The public discussion about saving and investing in the media or social media focuses on the wrong topic. The most important point always seems to be where to invest. What’s the hot stock right now? Which is the best mutual fund? And, heaven forbid, which is the hottest crypto? For a young person who is just starting out in making money and is casually observing all this, the whole exercise of investing seems to be about choosing the best investment. This is completely misleading.

The real problem is that most people don’t invest at all or underinvest. They start too late in life, sometimes don’t start at all and then invest too little. Teaching young people the value of saving is said to be a big part of financial literacy. A few years ago, however, I encountered an interaction that gave me a new perspective on the psychology of saving among those who are just beginning to earn. On a TV show, a young man asked a question during a Q&A session on personal finances. He had just started earning and wanted advice on what to do with his money. His biggest wish was to buy a motorcycle worth Rs 1.5 lakh. He had dreamed of doing something for many years when he started making money. It’s not an uncommon dream.

He wanted to know the quickest way to save enough money to buy a bike. In response he received simple and sensible advice, complete with detailed calculations of how much he should save, what the return would be and when he could buy the bike. As a conservative investment advisor, I should have agreed with this approach. Postponing wish fulfillment is said to be a cornerstone of good financial behavior. However, I thought that if he started saving now he would probably be 30 by the time he could buy it and that he was just too old to enjoy this bike the way a young person would. In fact, he probably wouldn’t even want it then. So maybe he should break the rules of good financial behavior and buy the bike now with borrowed money, at an EMI.

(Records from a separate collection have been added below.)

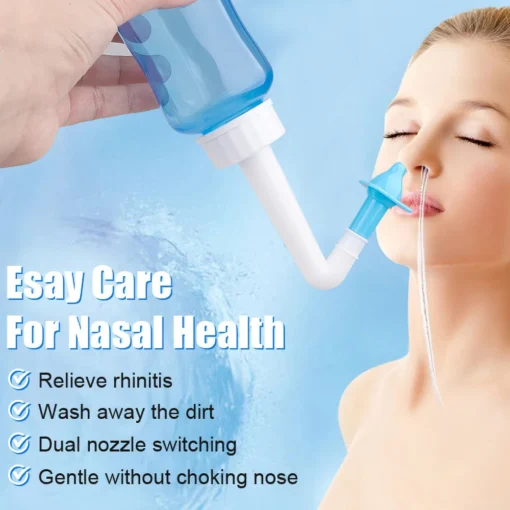 Nose Wash System Sinus Allergies Relief Nasal Pressure Rinse Neti Pot Nose Trimmer Adults Children Nasal 3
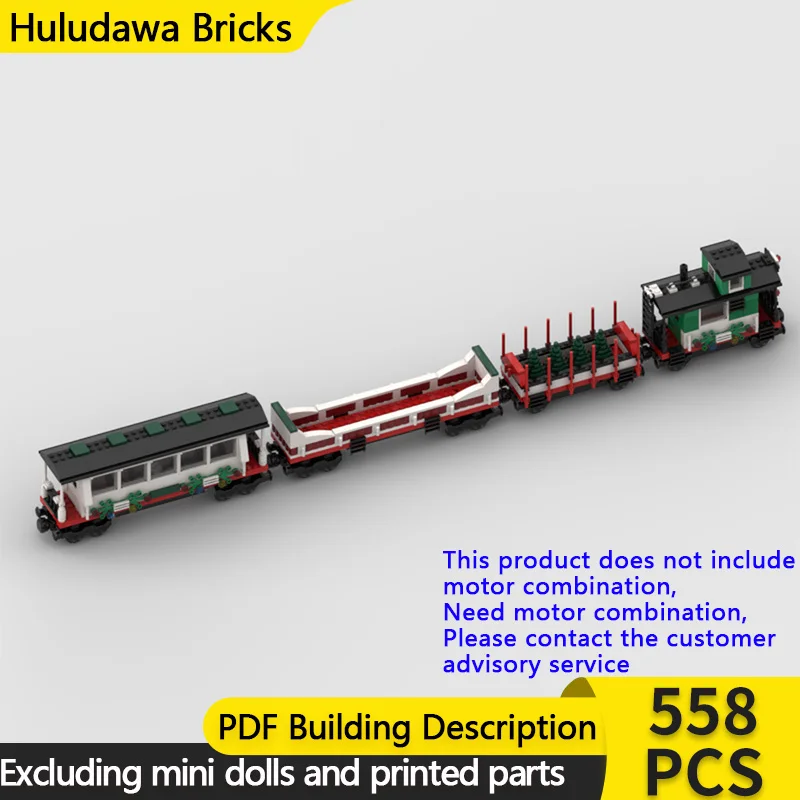 

City Car Model MOC Building Bricks Transportation Holiday Train Modular Technology Gifts Holiday Assemble Children Toys Suit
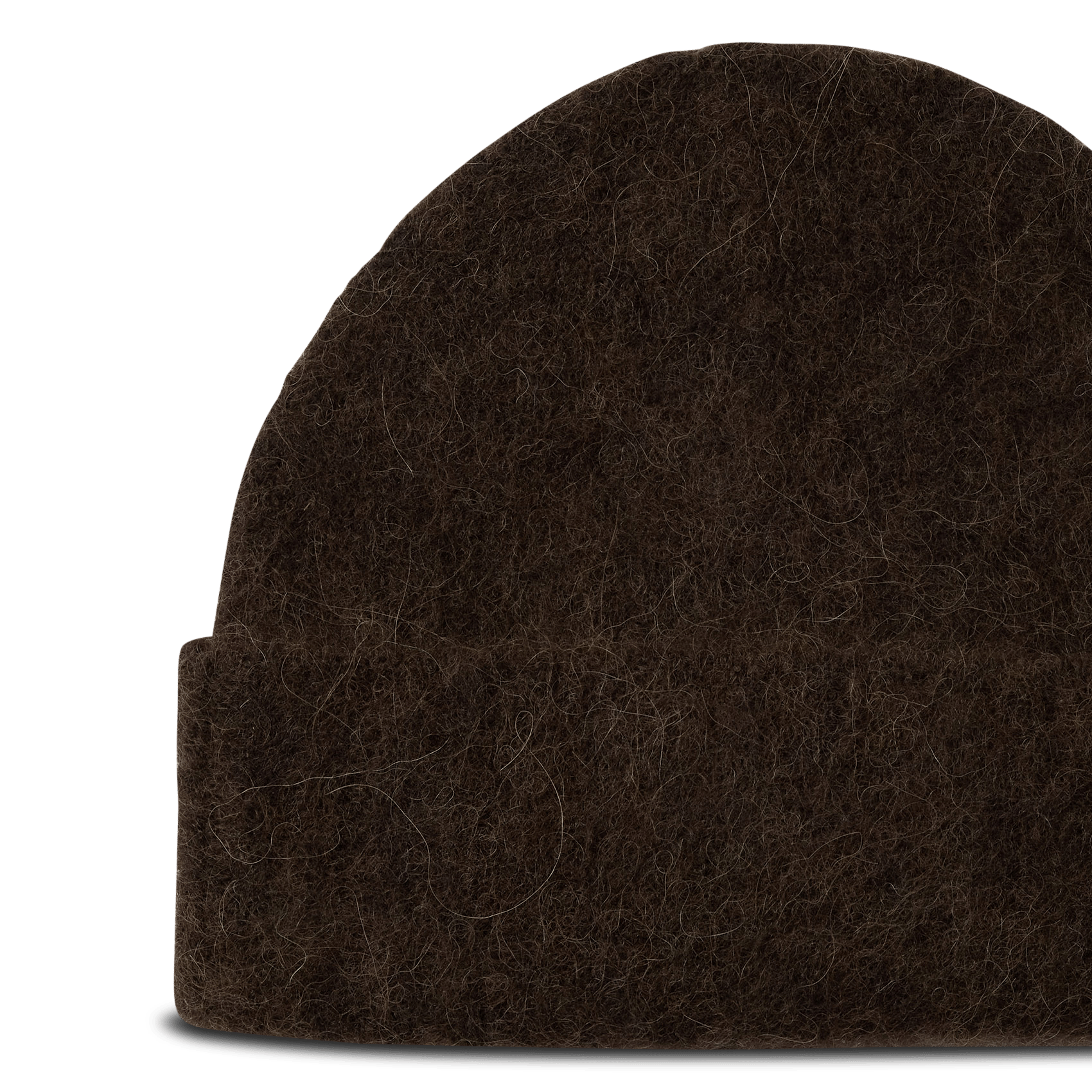 Wool-blend beanie SELECTED Brown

Does that mean he shouldn’t save at all? After all, there is little point in saving while loans are being paid off. Nonetheless, my point is that such a person should also save a little, even if it is only Rs. 1,000 a month. Even when it comes to saving the money in a simple tool like a recurring deposit with his bank.

The reason for this is that, at its core, saving isn’t really about the arithmetic of returns and interest rates and so on. It’s actually a mindset, a habit. A person who saves even an insignificant amount of Rs. 1,000 a month is a fundamentally different type of person from the one who spends everything.

What I’m saying might not stand the test of proper financial advice, but it’s probably better to spend on what you want, as long as you know it’s enjoyable, while also starting to make the habit of saving. Once you observe the magic of earning interest on your savings and seeing money growing on its own, this face-to-face experience will be far more effective than any financial literacy course you attend. Inevitably, savings grow, people save more, and it becomes a virtuous cycle.